根据预告片预测电影类型的尝试大多采用多模式方式。然而，电影预告片音频的特点表明，仅靠这种模式可能对类型预测非常有效。电影预告片音频主要由语音和音乐信号组成，这两种信号有的相互独立，有的相互重叠。这项研究假设，电影预告片的类型标签可能与其音频部分的组成有关。在这方面，预告片音频的语音-音乐置信度序列被用作一种特征。此外，在当前任务中还采用了之前提出的用于辨别语音-音乐的其他两个特征。本作品针对流派分类任务提出了一种时间和信道注意力卷积神经网络（ACNN）分类器。ACNN 中的卷积层学习输入特征中的空间关系。时间注意层和通道注意层分别学习关注关键的时间步骤和 CNN 内核输出。实验使用了 Moviescope 数据集，并使用了两种基于音频的基准方法来衡量这项工作。与基线方法相比，带有 ACNN 分类器的特征集提高了流派分类性能。此外，在对受不同文化影响的电影（EmoGDB）进行类型预测时，也获得了不错的泛化性能。
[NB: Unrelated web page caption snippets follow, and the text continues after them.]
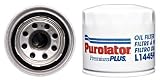 Purolator L14459 Classic Oil Filter, Pack of 1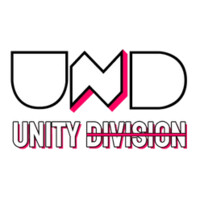 Unity Not Division
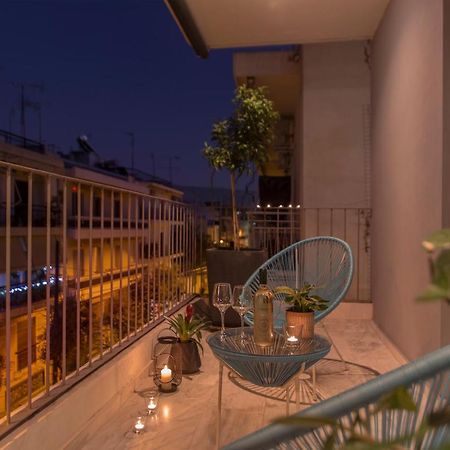 Luxury Apt With Parking-Living Stone Silver Atena Exterior foto
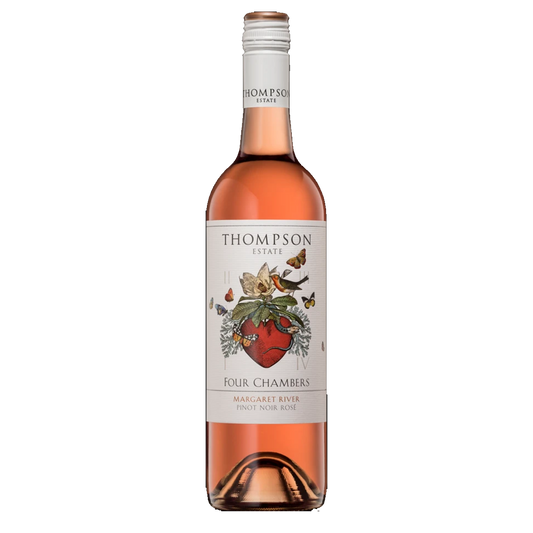 Four Chambers Pinot Rosé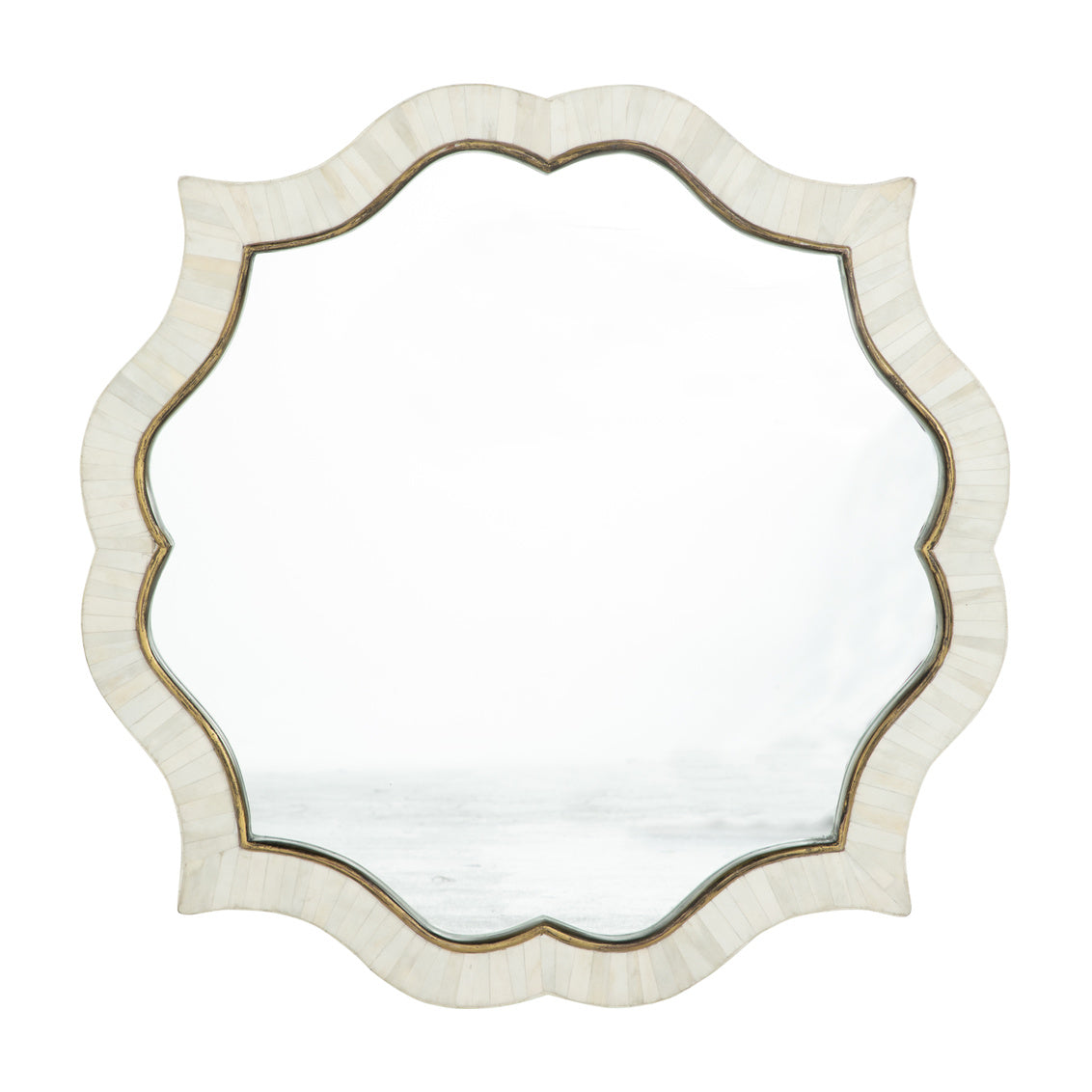 Laurette Mirror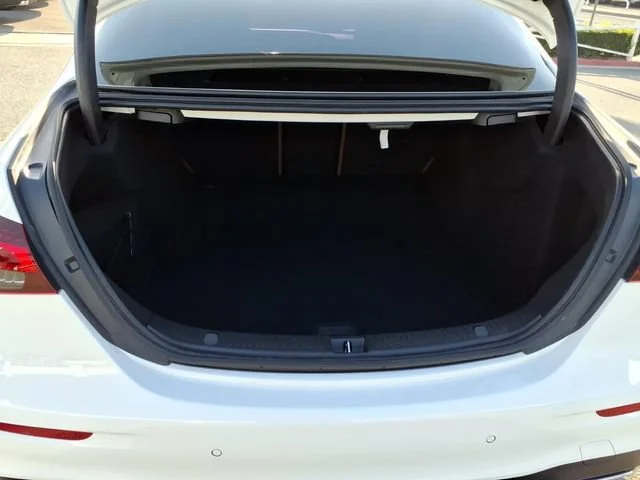 Used 2023 White Mercedes-Benz 4MATIC® image 6
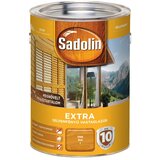 Sadolin barva za les extra bor 5 l Cene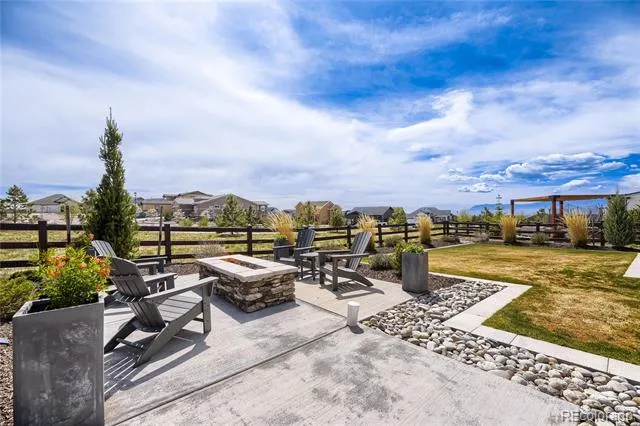 10081 Waterton Canyon Way Colorado Springs, CO 80924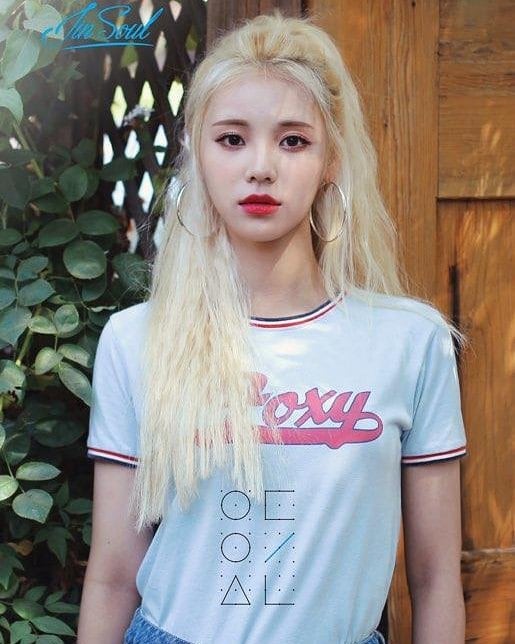 Jinsoul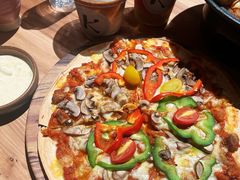 -KimPro 辛普乐概念韩餐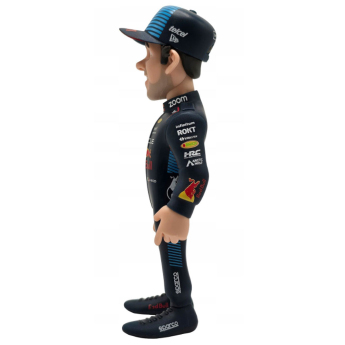 Red Bull Racing figurka MINIX Figure Perez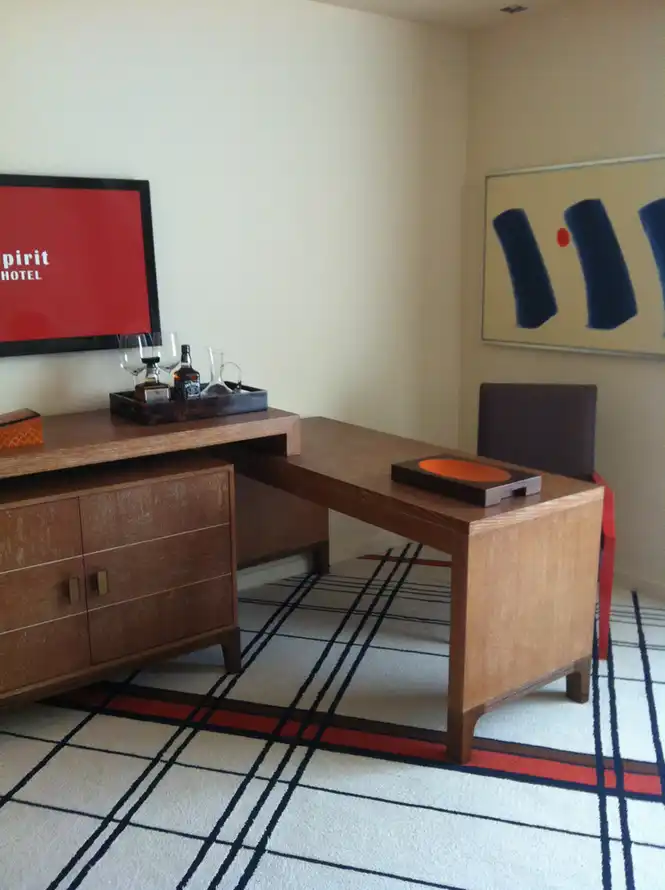 Furniture and storage details · JUN-0021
本文章由计算机程序翻译，如有差异，请以英文原文为准。

求助全文

约1分钟内获得全文求助全文

来源期刊

ACM Transactions on Multimedia Computing Communications and Applications 工程技术-计算机：理论方法

CiteScore

8.50

自引率

5.90%

发文量

285

审稿时长

7.5 months

期刊介绍： The ACM Transactions on Multimedia Computing, Communications, and Applications is the flagship publication of the ACM Special Interest Group in Multimedia (SIGMM). It is soliciting paper submissions on all aspects of multimedia. Papers on single media (for instance, audio, video, animation) and their processing are also welcome. TOMM is a peer-reviewed, archival journal, available in both print form and digital form. The Journal is published quarterly; with roughly 7 23-page articles in each issue. In addition, all Special Issues are published online-only to ensure a timely publication. The transactions consists primarily of research papers. This is an archival journal and it is intended that the papers will have lasting importance and value over time. In general, papers whose primary focus is on particular multimedia products or the current state of the industry will not be included.